§ EXERCISE DESCRIPTION
In your answer, print each of the records below exactly.

§ RECORD EXCERPTS
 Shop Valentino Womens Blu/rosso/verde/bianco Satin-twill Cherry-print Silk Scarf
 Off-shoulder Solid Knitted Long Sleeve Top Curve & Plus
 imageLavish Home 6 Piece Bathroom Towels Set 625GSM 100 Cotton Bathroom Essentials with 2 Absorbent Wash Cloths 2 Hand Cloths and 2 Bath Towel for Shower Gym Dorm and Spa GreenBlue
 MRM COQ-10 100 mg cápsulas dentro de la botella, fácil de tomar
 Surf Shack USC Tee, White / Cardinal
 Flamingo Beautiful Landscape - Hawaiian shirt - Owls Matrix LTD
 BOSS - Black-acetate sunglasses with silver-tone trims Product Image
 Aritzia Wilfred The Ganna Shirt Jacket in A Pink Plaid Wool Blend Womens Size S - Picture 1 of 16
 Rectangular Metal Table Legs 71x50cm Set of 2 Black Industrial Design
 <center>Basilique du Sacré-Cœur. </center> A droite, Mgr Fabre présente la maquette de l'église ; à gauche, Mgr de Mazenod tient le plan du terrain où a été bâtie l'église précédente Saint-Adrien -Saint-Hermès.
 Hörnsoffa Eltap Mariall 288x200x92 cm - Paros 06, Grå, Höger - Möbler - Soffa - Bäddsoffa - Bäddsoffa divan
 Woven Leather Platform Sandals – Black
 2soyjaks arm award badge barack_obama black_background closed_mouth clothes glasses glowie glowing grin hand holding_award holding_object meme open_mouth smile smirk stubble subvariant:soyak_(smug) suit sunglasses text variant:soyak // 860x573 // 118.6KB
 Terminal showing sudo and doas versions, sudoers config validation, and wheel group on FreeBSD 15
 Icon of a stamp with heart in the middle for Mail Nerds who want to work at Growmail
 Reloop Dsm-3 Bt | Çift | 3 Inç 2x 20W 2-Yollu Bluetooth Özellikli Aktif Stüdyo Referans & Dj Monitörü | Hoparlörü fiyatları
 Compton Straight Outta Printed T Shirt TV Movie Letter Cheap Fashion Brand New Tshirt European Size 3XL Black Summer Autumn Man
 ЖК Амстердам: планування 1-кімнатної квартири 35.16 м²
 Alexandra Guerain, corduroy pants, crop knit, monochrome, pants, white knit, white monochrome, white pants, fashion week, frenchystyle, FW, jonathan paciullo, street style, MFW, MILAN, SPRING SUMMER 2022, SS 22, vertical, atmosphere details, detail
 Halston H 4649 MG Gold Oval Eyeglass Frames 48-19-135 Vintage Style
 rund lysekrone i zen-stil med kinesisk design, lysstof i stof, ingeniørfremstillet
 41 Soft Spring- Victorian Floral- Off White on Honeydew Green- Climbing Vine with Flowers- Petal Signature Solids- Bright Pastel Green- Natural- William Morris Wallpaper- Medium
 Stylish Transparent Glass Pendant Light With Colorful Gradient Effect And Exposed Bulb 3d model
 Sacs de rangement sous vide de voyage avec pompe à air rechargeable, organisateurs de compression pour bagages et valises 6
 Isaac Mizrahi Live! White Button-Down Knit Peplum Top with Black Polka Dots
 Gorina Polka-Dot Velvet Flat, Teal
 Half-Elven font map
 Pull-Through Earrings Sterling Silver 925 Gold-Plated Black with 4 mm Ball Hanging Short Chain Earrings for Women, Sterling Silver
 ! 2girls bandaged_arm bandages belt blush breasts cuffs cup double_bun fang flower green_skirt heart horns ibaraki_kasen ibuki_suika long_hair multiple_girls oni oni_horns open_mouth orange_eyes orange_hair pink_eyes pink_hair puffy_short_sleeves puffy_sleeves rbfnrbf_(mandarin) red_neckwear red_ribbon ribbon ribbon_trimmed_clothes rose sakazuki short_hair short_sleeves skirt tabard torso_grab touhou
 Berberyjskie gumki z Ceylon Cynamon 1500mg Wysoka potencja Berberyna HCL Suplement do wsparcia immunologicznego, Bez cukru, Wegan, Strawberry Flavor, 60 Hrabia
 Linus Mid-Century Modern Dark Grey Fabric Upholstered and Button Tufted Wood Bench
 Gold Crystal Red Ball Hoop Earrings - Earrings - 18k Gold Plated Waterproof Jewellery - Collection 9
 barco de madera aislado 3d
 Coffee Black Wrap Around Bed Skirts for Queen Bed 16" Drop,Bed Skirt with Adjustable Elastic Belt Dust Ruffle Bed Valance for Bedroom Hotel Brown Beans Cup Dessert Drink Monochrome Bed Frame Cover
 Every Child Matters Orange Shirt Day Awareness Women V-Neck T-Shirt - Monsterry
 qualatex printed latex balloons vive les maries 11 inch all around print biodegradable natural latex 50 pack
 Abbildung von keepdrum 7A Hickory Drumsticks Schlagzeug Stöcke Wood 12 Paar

§ SOLUTION TO THIS TASK
 Shop Valentino Womens Blu/rosso/verde/bianco Satin-twill Cherry-print Silk Scarf
 Off-shoulder Solid Knitted Long Sleeve Top Curve & Plus
 imageLavish Home 6 Piece Bathroom Towels Set 625GSM 100 Cotton Bathroom Essentials with 2 Absorbent Wash Cloths 2 Hand Cloths and 2 Bath Towel for Shower Gym Dorm and Spa GreenBlue
 MRM COQ-10 100 mg cápsulas dentro de la botella, fácil de tomar
 Surf Shack USC Tee, White / Cardinal
 Flamingo Beautiful Landscape - Hawaiian shirt - Owls Matrix LTD
 BOSS - Black-acetate sunglasses with silver-tone trims Product Image
 Aritzia Wilfred The Ganna Shirt Jacket in A Pink Plaid Wool Blend Womens Size S - Picture 1 of 16
 Rectangular Metal Table Legs 71x50cm Set of 2 Black Industrial Design
 <center>Basilique du Sacré-Cœur. </center> A droite, Mgr Fabre présente la maquette de l'église ; à gauche, Mgr de Mazenod tient le plan du terrain où a été bâtie l'église précédente Saint-Adrien -Saint-Hermès.
 Hörnsoffa Eltap Mariall 288x200x92 cm - Paros 06, Grå, Höger - Möbler - Soffa - Bäddsoffa - Bäddsoffa divan
 Woven Leather Platform Sandals – Black
 2soyjaks arm award badge barack_obama black_background closed_mouth clothes glasses glowie glowing grin hand holding_award holding_object meme open_mouth smile smirk stubble subvariant:soyak_(smug) suit sunglasses text variant:soyak // 860x573 // 118.6KB
 Terminal showing sudo and doas versions, sudoers config validation, and wheel group on FreeBSD 15
 Icon of a stamp with heart in the middle for Mail Nerds who want to work at Growmail
 Reloop Dsm-3 Bt | Çift | 3 Inç 2x 20W 2-Yollu Bluetooth Özellikli Aktif Stüdyo Referans & Dj Monitörü | Hoparlörü fiyatları
 Compton Straight Outta Printed T Shirt TV Movie Letter Cheap Fashion Brand New Tshirt European Size 3XL Black Summer Autumn Man
 ЖК Амстердам: планування 1-кімнатної квартири 35.16 м²
 Alexandra Guerain, corduroy pants, crop knit, monochrome, pants, white knit, white monochrome, white pants, fashion week, frenchystyle, FW, jonathan paciullo, street style, MFW, MILAN, SPRING SUMMER 2022, SS 22, vertical, atmosphere details, detail
 Halston H 4649 MG Gold Oval Eyeglass Frames 48-19-135 Vintage Style
 rund lysekrone i zen-stil med kinesisk design, lysstof i stof, ingeniørfremstillet
 41 Soft Spring- Victorian Floral- Off White on Honeydew Green- Climbing Vine with Flowers- Petal Signature Solids- Bright Pastel Green- Natural- William Morris Wallpaper- Medium
 Stylish Transparent Glass Pendant Light With Colorful Gradient Effect And Exposed Bulb 3d model
 Sacs de rangement sous vide de voyage avec pompe à air rechargeable, organisateurs de compression pour bagages et valises 6
 Isaac Mizrahi Live! White Button-Down Knit Peplum Top with Black Polka Dots
 Gorina Polka-Dot Velvet Flat, Teal
 Half-Elven font map
 Pull-Through Earrings Sterling Silver 925 Gold-Plated Black with 4 mm Ball Hanging Short Chain Earrings for Women, Sterling Silver
 ! 2girls bandaged_arm bandages belt blush breasts cuffs cup double_bun fang flower green_skirt heart horns ibaraki_kasen ibuki_suika long_hair multiple_girls oni oni_horns open_mouth orange_eyes orange_hair pink_eyes pink_hair puffy_short_sleeves puffy_sleeves rbfnrbf_(mandarin) red_neckwear red_ribbon ribbon ribbon_trimmed_clothes rose sakazuki short_hair short_sleeves skirt tabard torso_grab touhou
 Berberyjskie gumki z Ceylon Cynamon 1500mg Wysoka potencja Berberyna HCL Suplement do wsparcia immunologicznego, Bez cukru, Wegan, Strawberry Flavor, 60 Hrabia
 Linus Mid-Century Modern Dark Grey Fabric Upholstered and Button Tufted Wood Bench
 Gold Crystal Red Ball Hoop Earrings - Earrings - 18k Gold Plated Waterproof Jewellery - Collection 9
 barco de madera aislado 3d
 Coffee Black Wrap Around Bed Skirts for Queen Bed 16" Drop,Bed Skirt with Adjustable Elastic Belt Dust Ruffle Bed Valance for Bedroom Hotel Brown Beans Cup Dessert Drink Monochrome Bed Frame Cover
 Every Child Matters Orange Shirt Day Awareness Women V-Neck T-Shirt - Monsterry
 qualatex printed latex balloons vive les maries 11 inch all around print biodegradable natural latex 50 pack
 Abbildung von keepdrum 7A Hickory Drumsticks Schlagzeug Stöcke Wood 12 Paar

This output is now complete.